Hi, after I talked about Julia to collegues some weeks ago, I somehow wanted to plot Julia sets (Wikipedia), simply because I thougt it to be a funny example.
To play with it I used Interact.jl.
The current result is this 82 liner: Github gist
I tried to get rid of slow things I knew about:
use existing arrays instead of creating new ones
tried to avoid type changes
Then I attempted to utilize my 8 core Ryzen with 15 threads, by partitioning the image (its hight) into batches, and use @threads
Check out the performance tips, particularly the very first one, which is “Avoid global variables”. Your code is entirely based on non-constant global variables, which have a huge negative performance impact. If you can rewrite it to avoid global variables entirely you should see a significant improvement.

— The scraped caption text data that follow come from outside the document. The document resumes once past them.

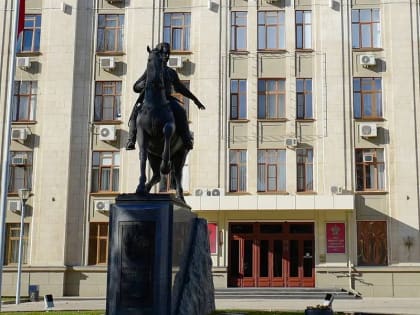 Около 4 тысяч обращений поступило на «Прямую линию» главы Кубани Вениамина Кондратьева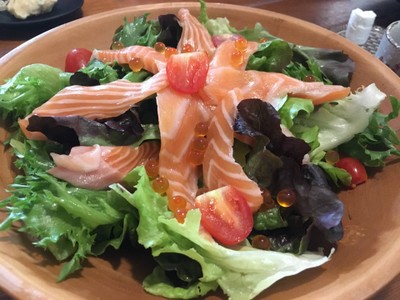 สลัดปลาแซลมอน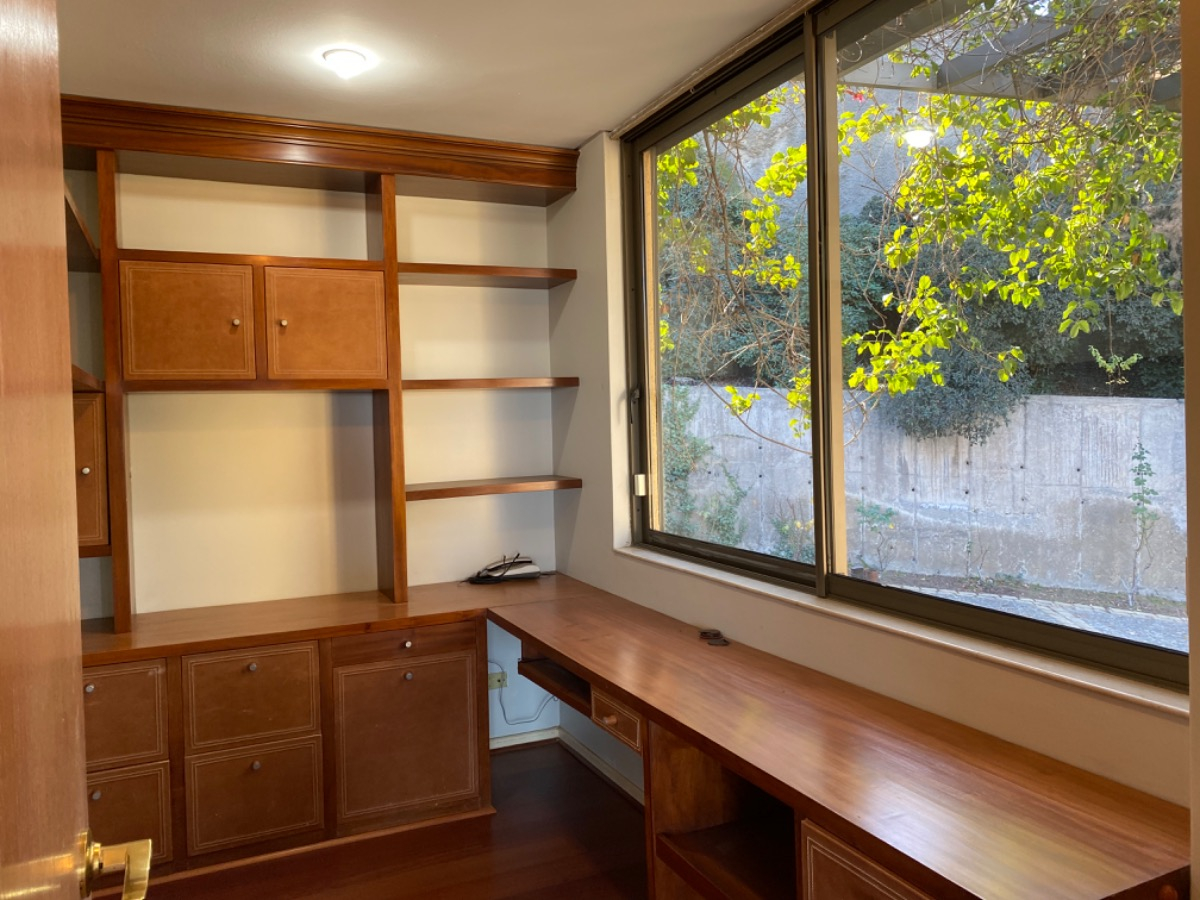 Venta Casa NO 3D 3B 10E 1B Lo Curro - Vitacura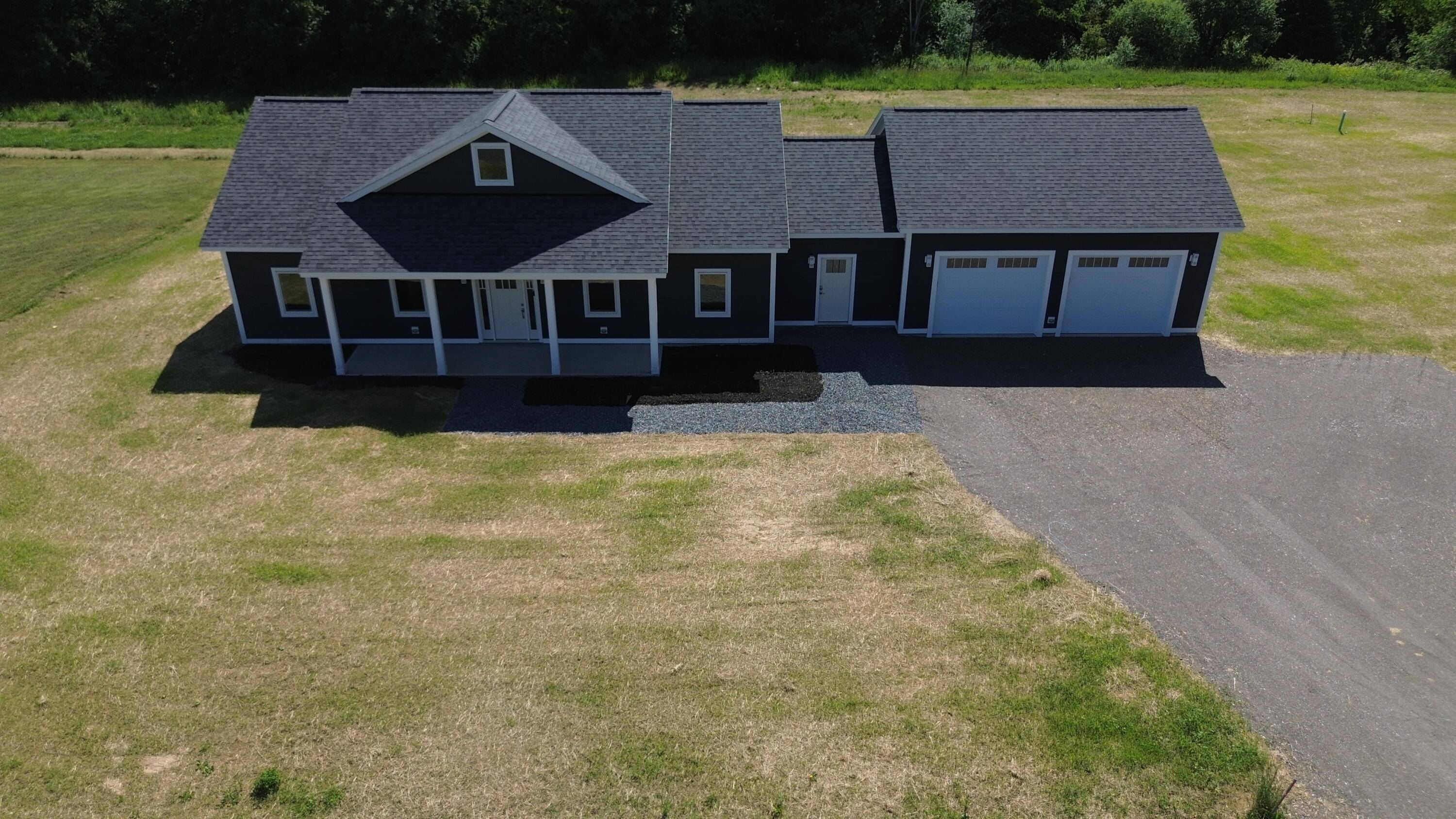 Houlton, ME 04730,9 Lilac LN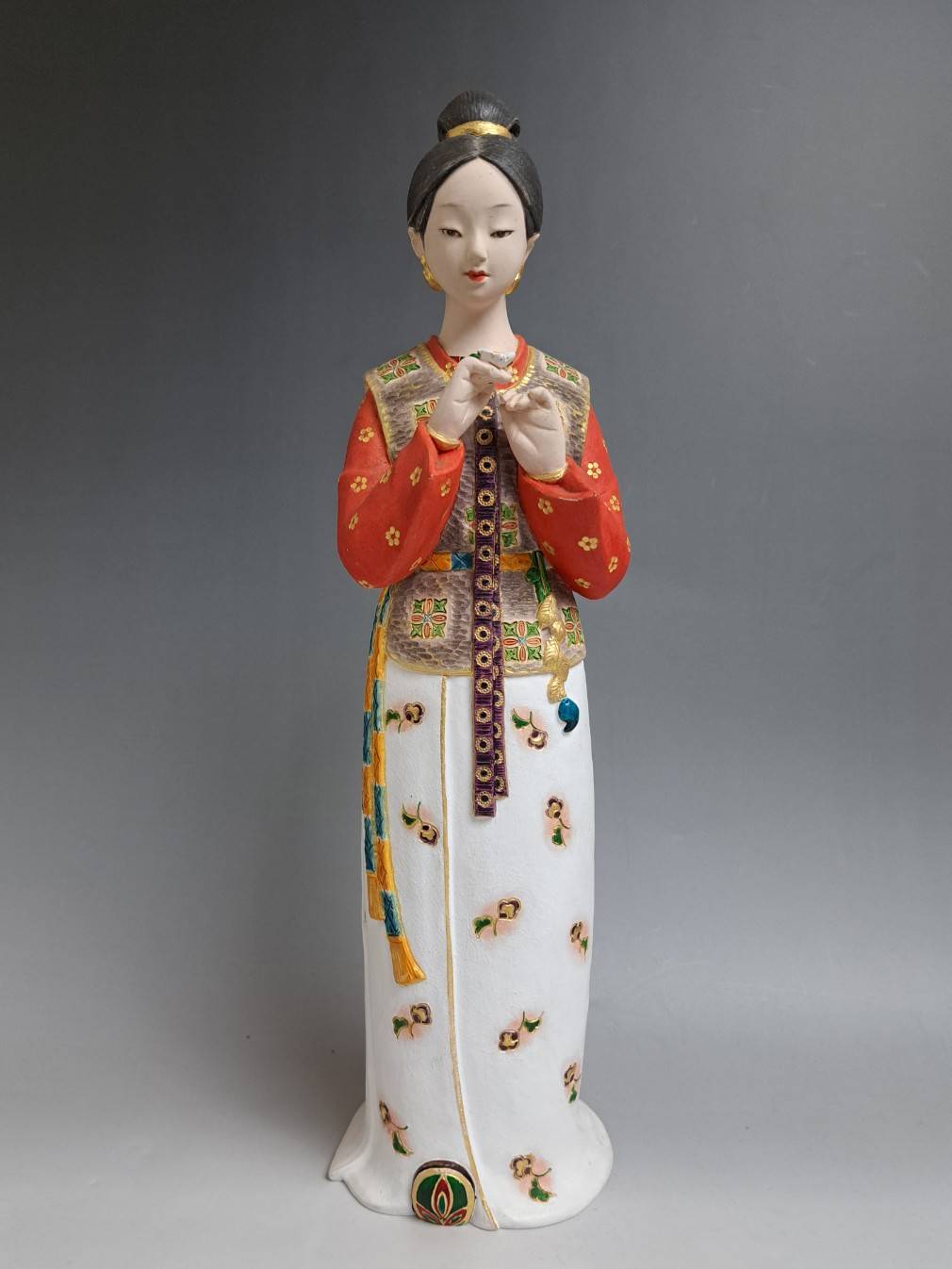 無形文化財保持者 川崎幸子 博多人形「紫野」 | 新栄堂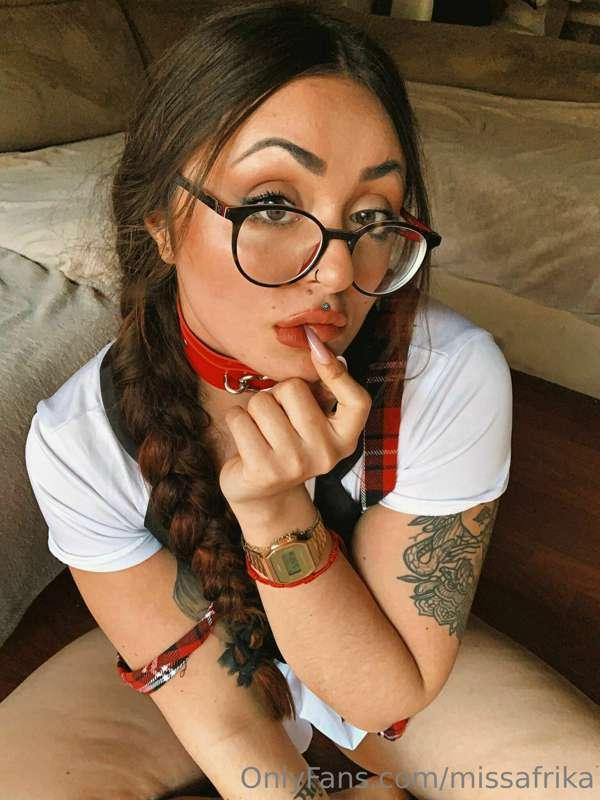 Perdón profe...🙊 llegué tarde... 🥵como puedo compensarle?🙄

Checkout the julia fractal code from @sdanischhere, but keep in mind that this was pre 1.0 and I don’t know the current state of GPUArrays, but same code should also work with CUArrays.
function juliaset(z0, c, maxiter)
z = z0
for i in 1:maxiter
abs2(z) > 4f0 && return (i - 1) % UInt8
z = z * z + c
end
return maxiter % UInt8 # % is used to convert without overflow check
end
function threaded(output, input, c)
Threads.@threads for i in eachindex(input)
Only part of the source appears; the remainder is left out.